TASK INSTRUCTIONS →
From the line containing "Cozy bedroom with" to the last line of the listing, transcribe exactly and add nothing else; keep both ends and omit pictures.
*** THE DATA Section Begins ***
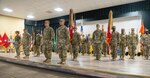 The 36th Sustainment Brigade, Texas National Guard, cased its flags, or colors, and the 369th Sustainment Brigade, New York National Guard, uncased its flags during a transfer of authority ceremony Nov. 3, 2022, at Camp Arifjan, Kuwait.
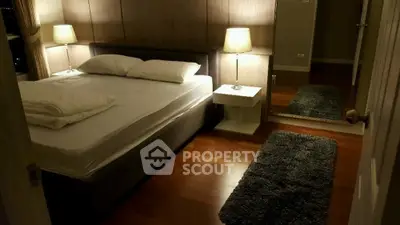 Cozy bedroom with elegant lighting and hardwood floors, featuring a plush bed and stylish decor.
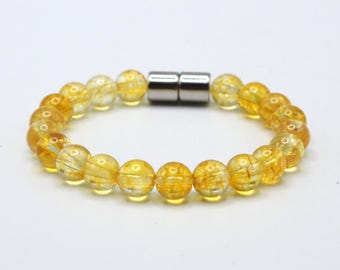 May include: A bracelet featuring golden-yellow, translucent beads with internal striations. The beads are strung together, connected by a silver-colored magnetic clasp. The bracelet is displayed on a white background.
*** THE DATA Section Ends ***
SOLUTION FOR THIS EXERCISE →
 Cozy bedroom with elegant lighting and hardwood floors, featuring a plush bed and stylish decor.
 May include: A bracelet featuring golden-yellow, translucent beads with internal striations. The beads are strung together, connected by a silver-colored magnetic clasp. The bracelet is displayed on a white background.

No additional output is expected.